Miss Stephanie
...as defined by a dear friend, to whom I fondly refer as my twin, Franklin Veaux:
  1. You have to maintain an illusion for the people around you. You can not be honest; you must always have a watch dog running in your head, always alert to some accidental slip or mistake that will reveal the truth. You must always be on guard and can't simply relax.
  2. You have to censor yourself. You can't answer questions or speak with openness. If someone says "What did you do last night?" and the thing you did last night is go out to a play party with your partner, you must lie, evade the question, or change the subject.
  3. There are parts of yourself that you must bury far away from the people around you. Every part of yourself you keep secret undermines intimacy with those around you. You can not be intimate and also not reveal yourself; there will always be a limit to what you are able to share with those you keep secrets from.

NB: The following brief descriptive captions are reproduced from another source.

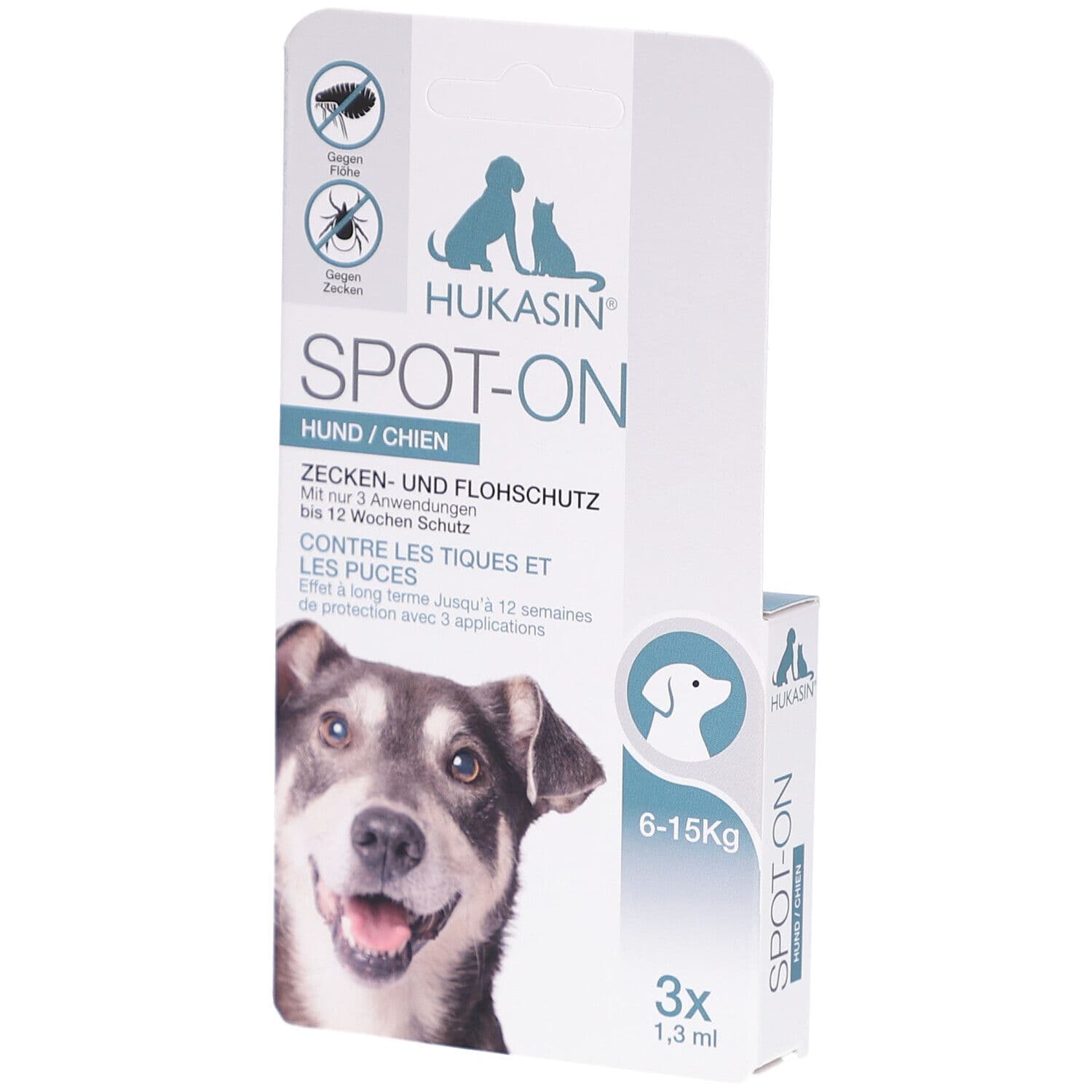 Hukasin® Spot On Hund - Zecken- und Floh Schutz langanhaltender Zeckenschutz & Flohmittel bis zu 12 Wochen, für die Gesundheit Ihres Hundes Ampullen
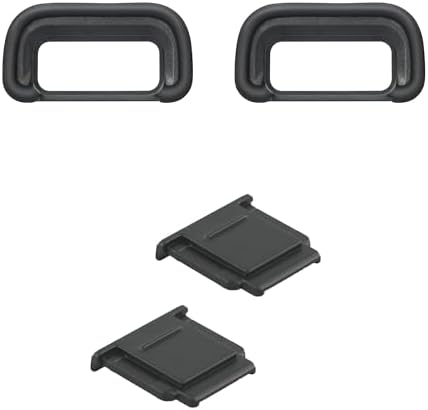 JJC 2-Pack FDA-EP20 Eyecup Eyepiece Eye Cup & FA-SHC1M Hot Shoe Cover Cap for Sony A6700 Camera by JJC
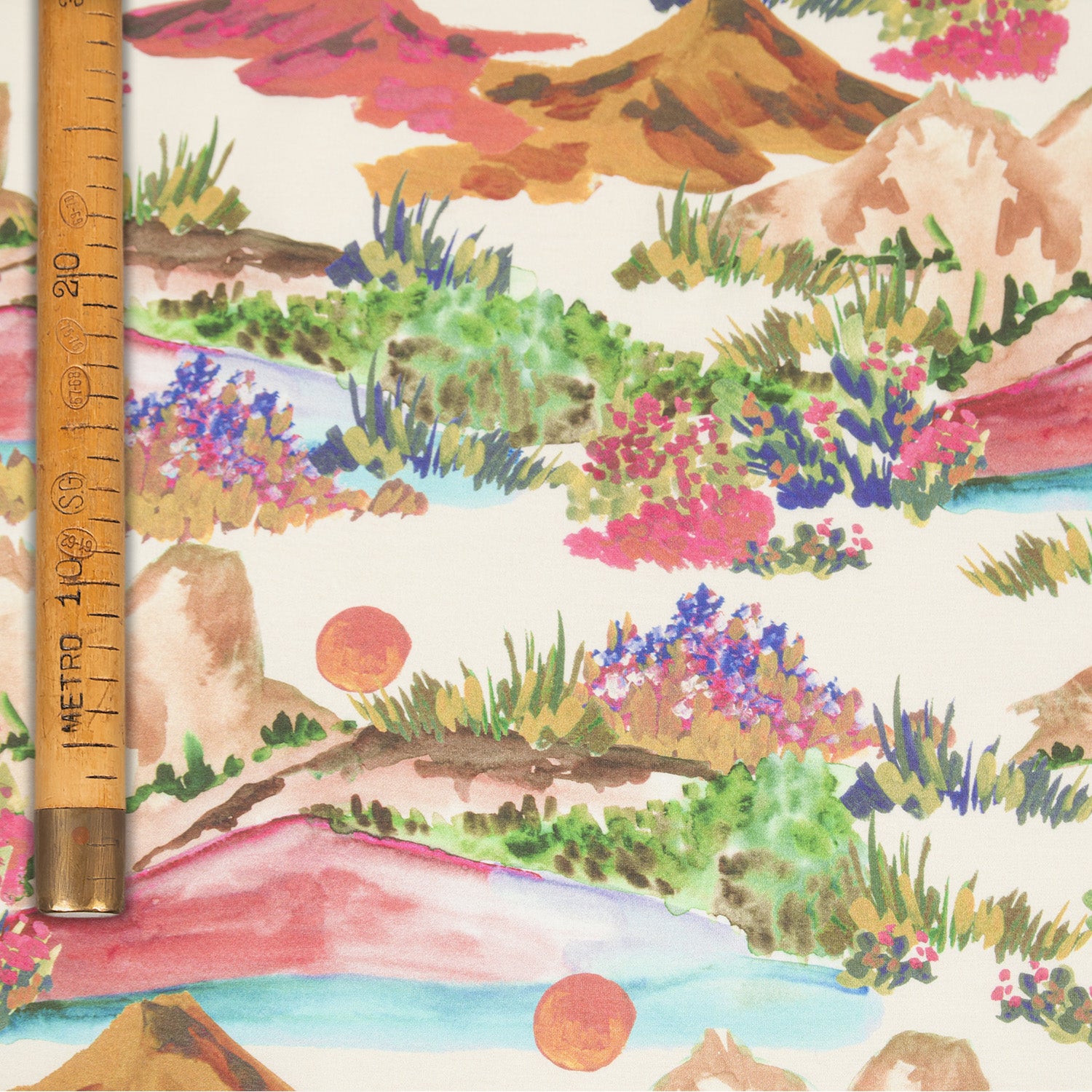 Georgette Viscosa Stampata - Sant'Angelo (2 colori)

  4. You must compromise your own integrity by pretending to be something you are not, or by pretending not to be something you are. You can not be totally honest and also maintain your secret.
  5. You give the world power over you. By treating some part of yourself as if it is a dirty, shameful secret, you empower and validate the people who believe that it is dirty and shameful. By keeping it secret, you are acknowledging that you believe it is something that SHOULD be kept secret.

I've said it before, and I'll say it again... I don't do closets; I'm claustrophobic.